Sin embargo, en San Juan Amecac, en los límites con el estado de Morelos, ésta práctica adquiere un significado único que trasciende lo ornamental para convertirse en un acto profundo de identidad y pertenencia.
Aunque el uso de la cucharilla, una planta flexible utilizada para la elaboración de arcos festivos, es común en varias localidades del país, en este lugar poblano destaca una particularidad que lo distingue: quienes la transportan no siempre son habitantes actuales del lugar.

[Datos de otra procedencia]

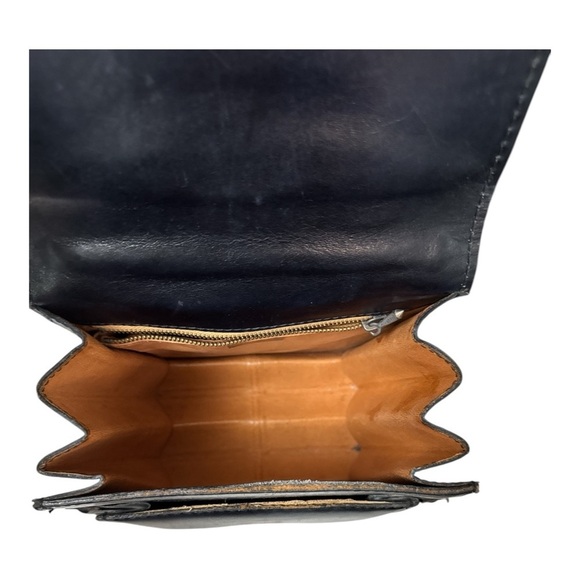 Vintage Black Mini Bag with Gold Clasp and Top Handle - Picture 5 of 6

Se trata, en muchos casos, de personas que viven fuera pero que mantienen un vínculo ancestral con la comunidad heredado de sus abuelos y preservado por las nuevas generaciones
Este acto de traer la cucharilla días antes de la feria patronal se ha convertido en un ritual cargado de simbolismo. No es únicamente una labor logística para la preparación de los festejos religiosos, sino un momento de encuentro entre quienes partieron y quienes permanecen. Es, en esencia, una celebración anticipada que fortalece los lazos familiares y comunitarios.
Para quienes regresan con la cucharilla el viaje representa un retorno emocional a sus raíces, una reafirmación de identidad y un homenaje a las tradiciones heredadas. Para quienes los reciben es la oportunidad de reencontrarse con su descendencia, de mantener viva la memoria colectiva y de transmitirla a las futuras generaciones.
En el contexto de las fiestas patronales, celebraciones que en México combinan elementos religiosos, culturales y sociales, este tipo de prácticas adquieren un valor especial. Según especialistas en antropología cultural las tradiciones comunitarias como la elaboración de arcos no solo embellecen los espacios festivos, sino que también funcionan como mecanismos de cohesión social y preservación histórica.
Así en San Juan Amecac el arco de cucharilla no es únicamente un elemento decorativo: es un puente entre el pasado y el presente entre quienes se fueron y quienes permanecen, entre la memoria y la continuidad de una identidad que se niega a desaparecer.
Con cada llegada de la cucharilla el pueblo no solo se prepara para su fiesta patronal, sino que revive el espíritu de comunidad que lo define.